Quicker and more streamlined than most of Dalt’s music, the song glides atop rolling percussion and lithe electric bass, glinting with a sinister, erotic edge. (The song’s velvety atmosphere and roadhouse cool are the very picture of what we typically mean when we invoke the term “Lynchian.”) She sings in Spanish, her airy whisper sketching the windswept scene of a desert romance, possibly doomed, in stark, indelible images: a black puma, a speedometer in the red, “eyes of silver and salt.”
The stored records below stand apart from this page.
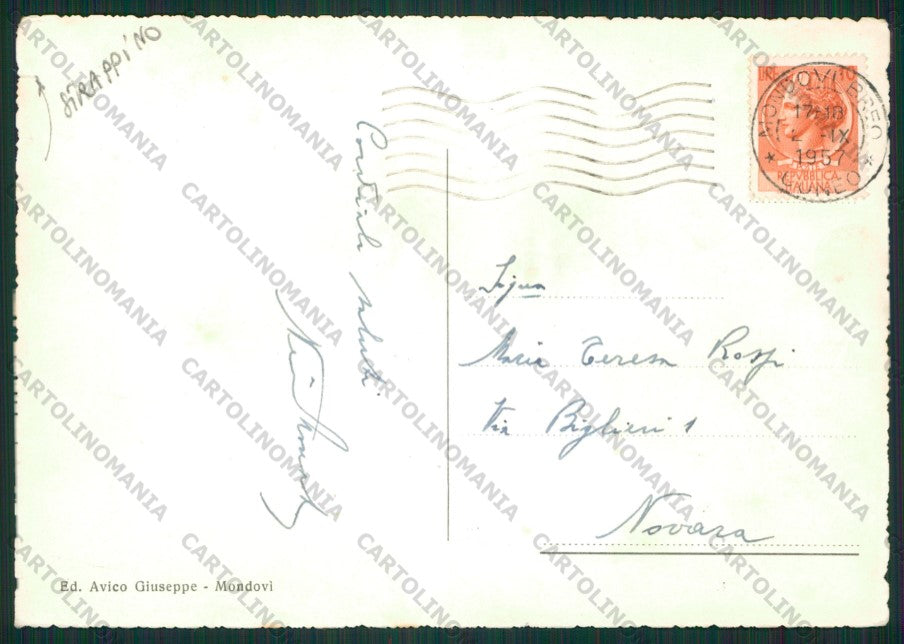 Cuneo Mondovì STRAPPINO Foto FG cartolina ZK1815 – retro
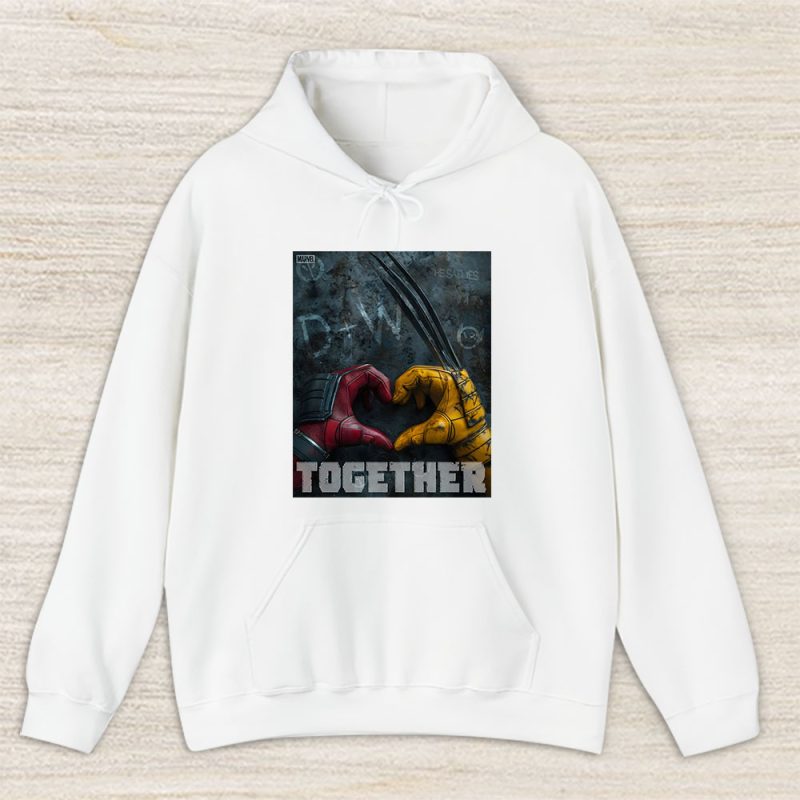 Deadpool And Wolverine X Super Hero X Deadpool 3 X Together Unisex Hoodie TAH7897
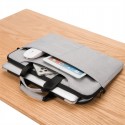 Men's Laptop Bag Oxford Cloth Synthetic Zipper Solid Color Daily Outdoor Black Blue Gray Pink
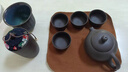 絢學(xué)紫砂壺茶具泡茶器全套旅行茶具套裝簡易戶外茶具便攜喝茶泡茶套裝 紫砂一壺四杯旅行套裝 曬單實(shí)拍圖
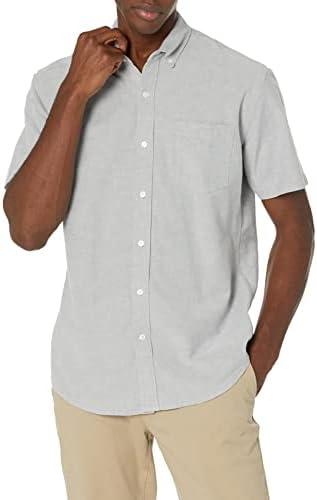 Amazon Essentials Oxford Shirts for Men - Regular-Fit, Short-Sleeve, Size XL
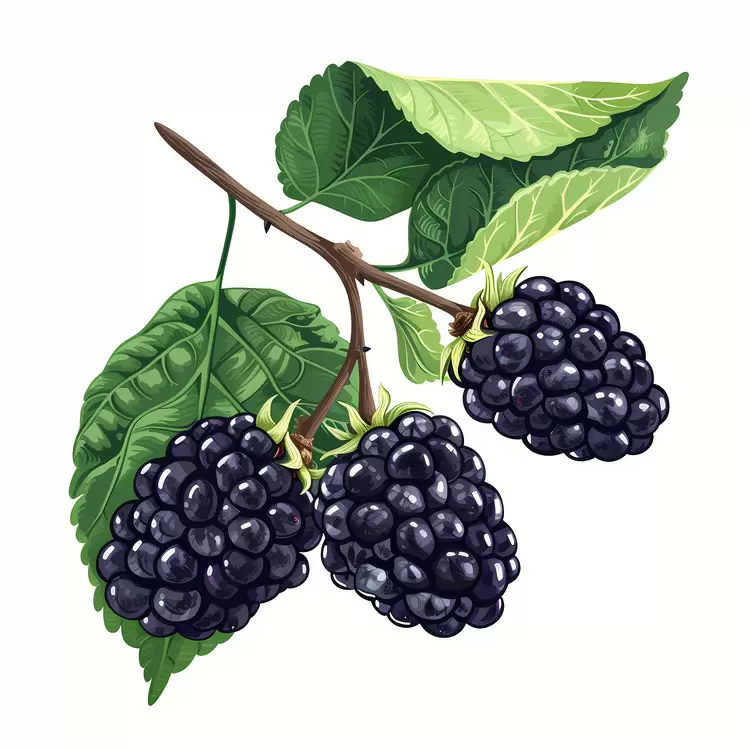 natural sweet fresh ripe blackberries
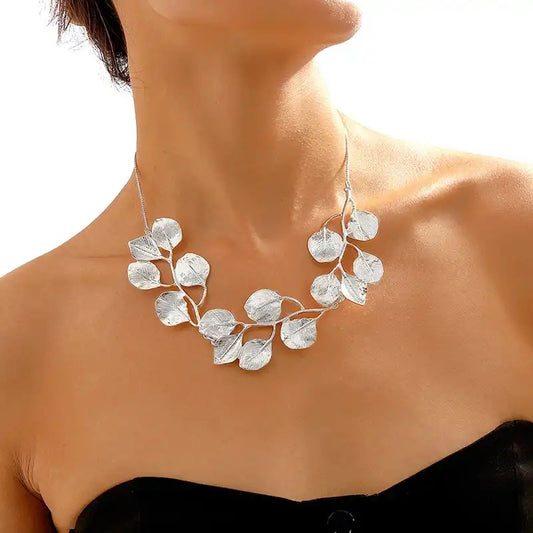 I’m So Fancy (Gold & Silver Necklace & Earring Set)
It all comes to a head two-thirds of the way through, with a rooster’s cry and the crunch of metal. In swaggers David Sylvian—veteran British singer-songwriter, with a peerlessly dramatic baritone—playing the leather-clad antihero, a vision of dust and speed. “My body’s smeared in bloody red,” he drawls, his voice cracked as an armadillo’s hide: “She said she loved me/But I don’t trust her yet.” In just a few skeletal lines, our grizzled road warrior brings Dalt’s heat-mirage visions into sharp focus, rhyming “far from clean” with “dopamine,” before making a surprising confession: “The walls are thin, my nerves are shot/I’m vulnerable and I know it/Is that door locked?” The sudden admission of weakness throws a surprising twist into an already singular love song. There, at the collision of what Dalt dreamily describes as “vile luck” and “total adoration,” explodes a cinematic world in dazzling desert hues.